Repeat every record exactly, but omit the images.

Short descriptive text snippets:
■ ■ ■ ■
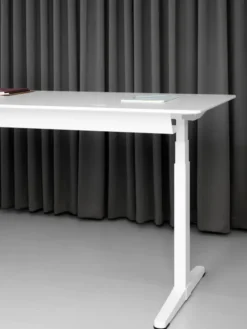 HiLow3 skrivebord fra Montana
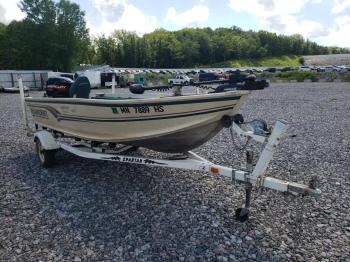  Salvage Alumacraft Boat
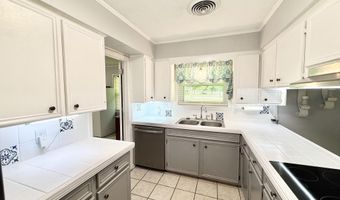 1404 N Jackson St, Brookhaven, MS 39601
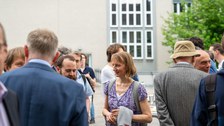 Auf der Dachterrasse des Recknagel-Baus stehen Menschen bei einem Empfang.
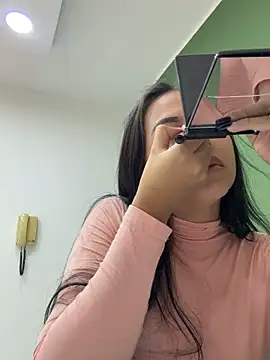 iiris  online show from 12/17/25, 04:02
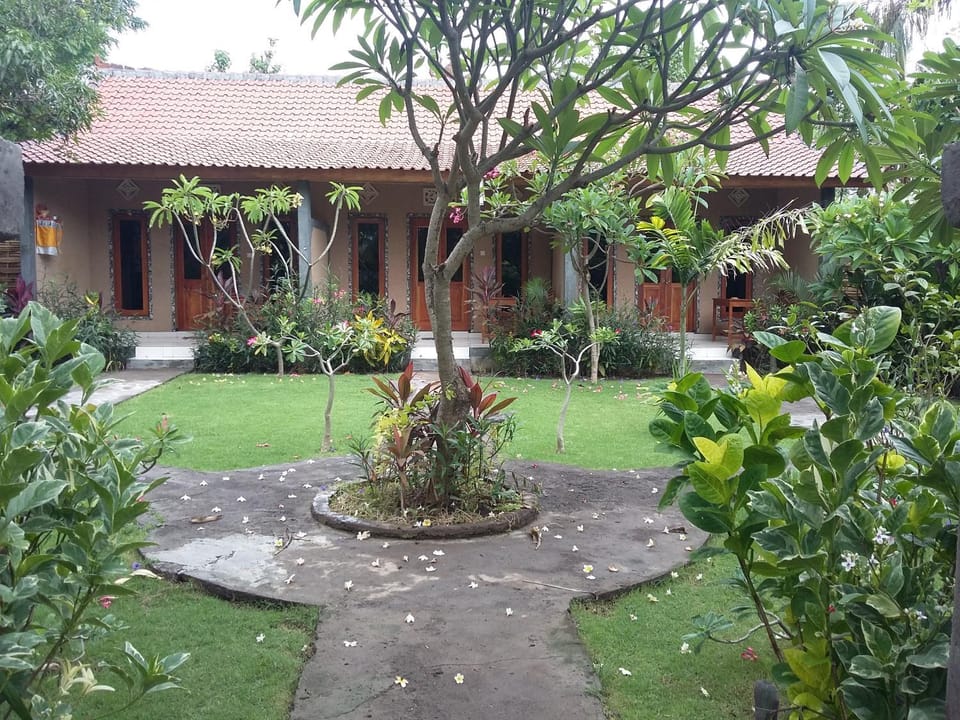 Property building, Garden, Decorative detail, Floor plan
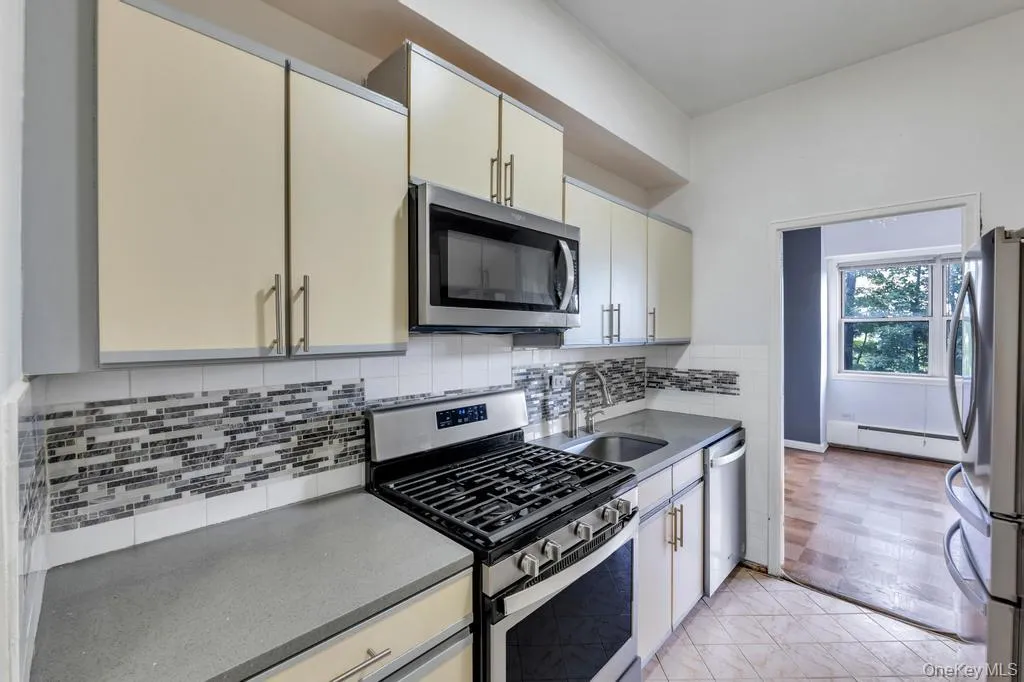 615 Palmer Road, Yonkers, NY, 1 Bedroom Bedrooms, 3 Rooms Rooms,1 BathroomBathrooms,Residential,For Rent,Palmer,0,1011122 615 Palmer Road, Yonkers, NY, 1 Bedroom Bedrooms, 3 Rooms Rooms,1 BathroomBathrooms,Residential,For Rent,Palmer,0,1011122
■ ■ ■ ■
**RESPONSE AREA:**
 HiLow3 skrivebord fra Montana
  Salvage Alumacraft Boat
 1404 N Jackson St, Brookhaven, MS 39601
 Auf der Dachterrasse des Recknagel-Baus stehen Menschen bei einem Empfang.
 iiris  online show from 12/17/25, 04:02
 Property building, Garden, Decorative detail, Floor plan
 615 Palmer Road, Yonkers, NY, 1 Bedroom Bedrooms, 3 Rooms Rooms,1 BathroomBathrooms,Residential,For Rent,Palmer,0,1011122 615 Palmer Road, Yonkers, NY, 1 Bedroom Bedrooms, 3 Rooms Rooms,1 BathroomBathrooms,Residential,For Rent,Palmer,0,1011122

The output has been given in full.